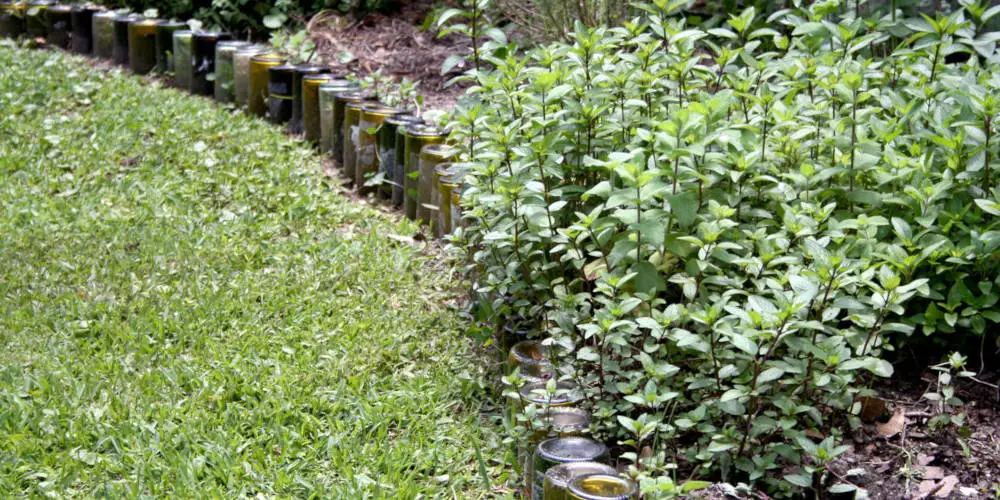 wine bottle edging Mississippi State University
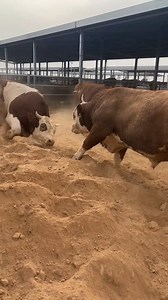 Unknown facts about France's famous Limousin cows | ফ্রান্সের বিখ্যাত লিমোজিন গরুর অজানা তথ্য। #unknownfacts #france #famous #cows #Amazing #highlight #follower #cattle #agriculture #farming | Sheikh Jalal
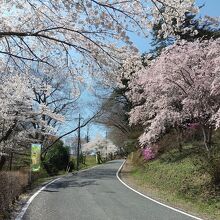 桜が見頃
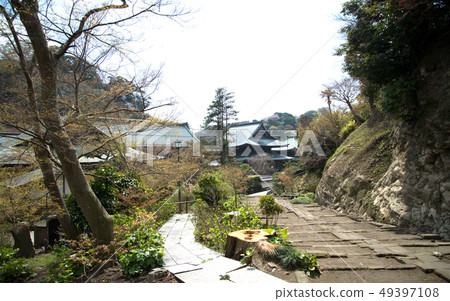 Kamakura Kenchoji Temple場地 Kamakura Kenchoji Temple場地 49397108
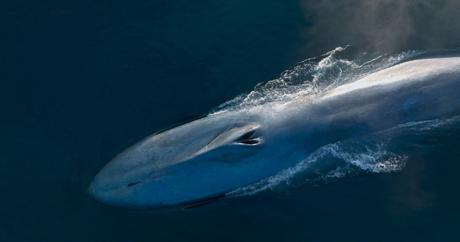 Baleines, les gardiennes de la planète : immersion impressionnante dans l'univers du cétacé
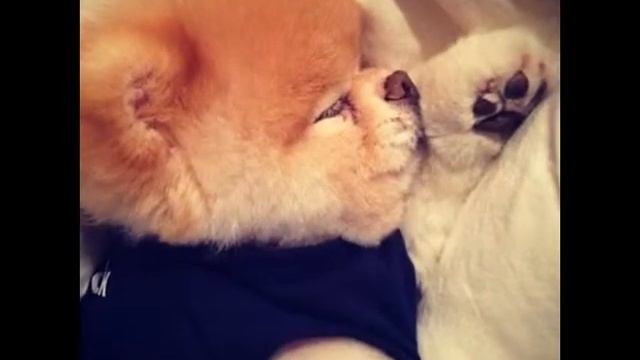 Satılık Pomeranian Yavruları 0532 343 8041 смотреть онлайн
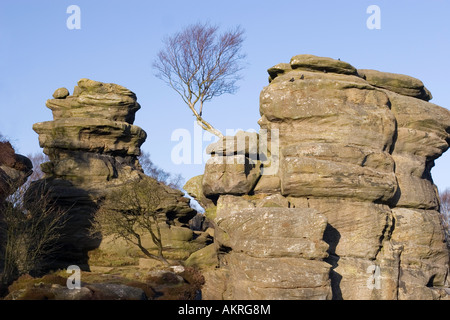 Brimham Rocks, Yorkshire Stockfoto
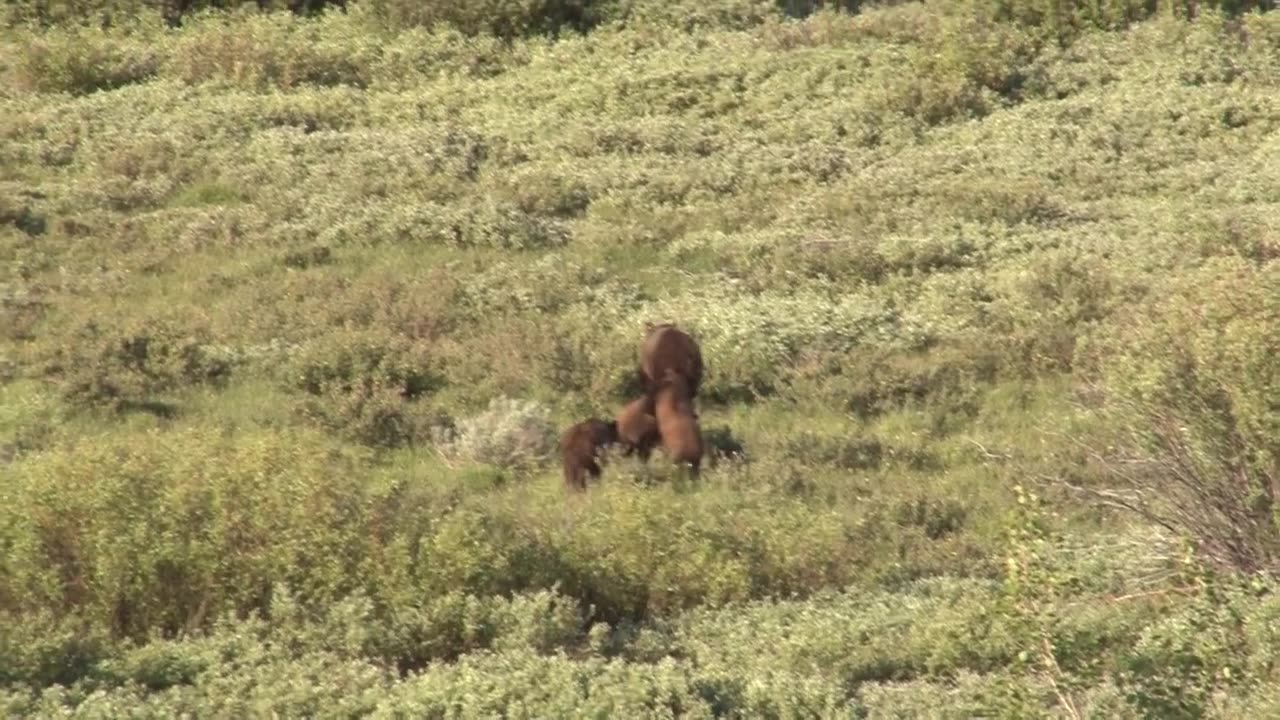 Grizzly Cubs Wrestle and Play in a Field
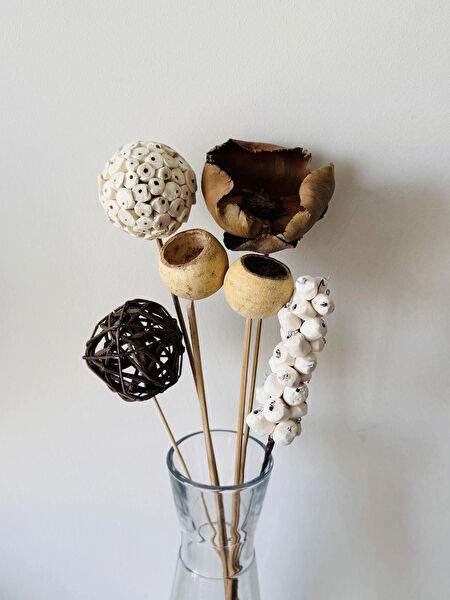 B'Clara Home Kadın Girişimci El Emeği Ürünler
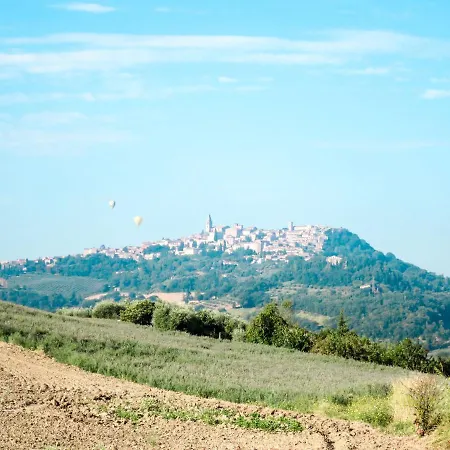 Olivo Secolare By Interhome Castelrinaldi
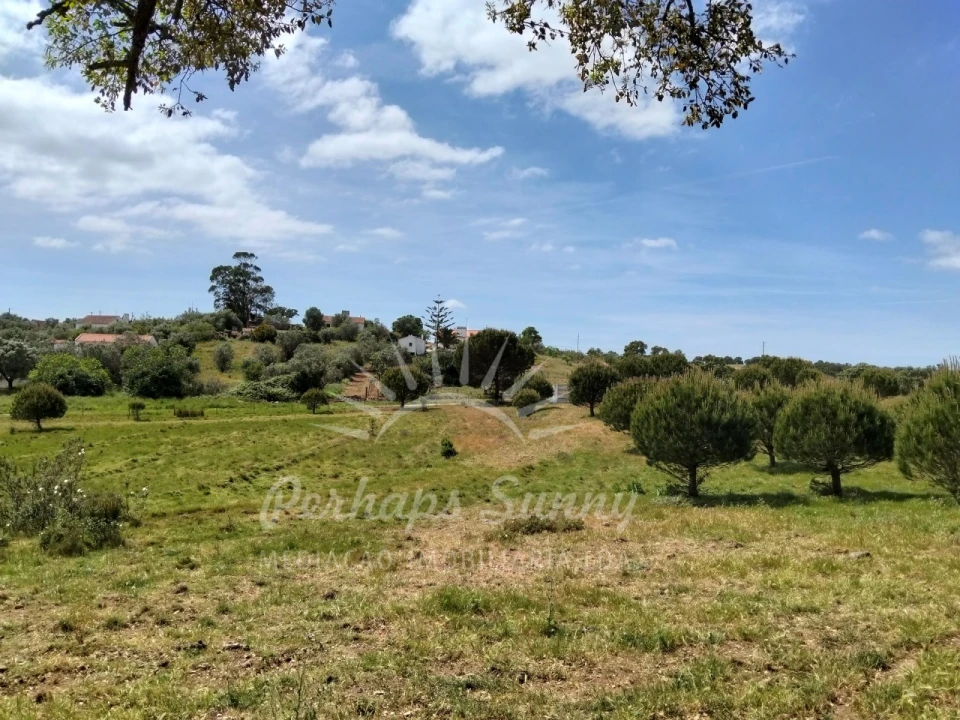 Terreno Agricola ou Rústico para Venda em Grândola e Santa Margarida da Serra Foto 17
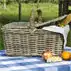 Picknicken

- - -

> _Prompt_: Please retype only the lines from the line that holds "Baleines, les gardiennes" through the end of the records, exactly as they stand, and drop every picture.

> _Your response_:
 Baleines, les gardiennes de la planète : immersion impressionnante dans l'univers du cétacé
 Satılık Pomeranian Yavruları 0532 343 8041 смотреть онлайн
 Brimham Rocks, Yorkshire Stockfoto
 Grizzly Cubs Wrestle and Play in a Field
 B'Clara Home Kadın Girişimci El Emeği Ürünler
 Olivo Secolare By Interhome Castelrinaldi
 Terreno Agricola ou Rústico para Venda em Grândola e Santa Margarida da Serra Foto 17
 Picknicken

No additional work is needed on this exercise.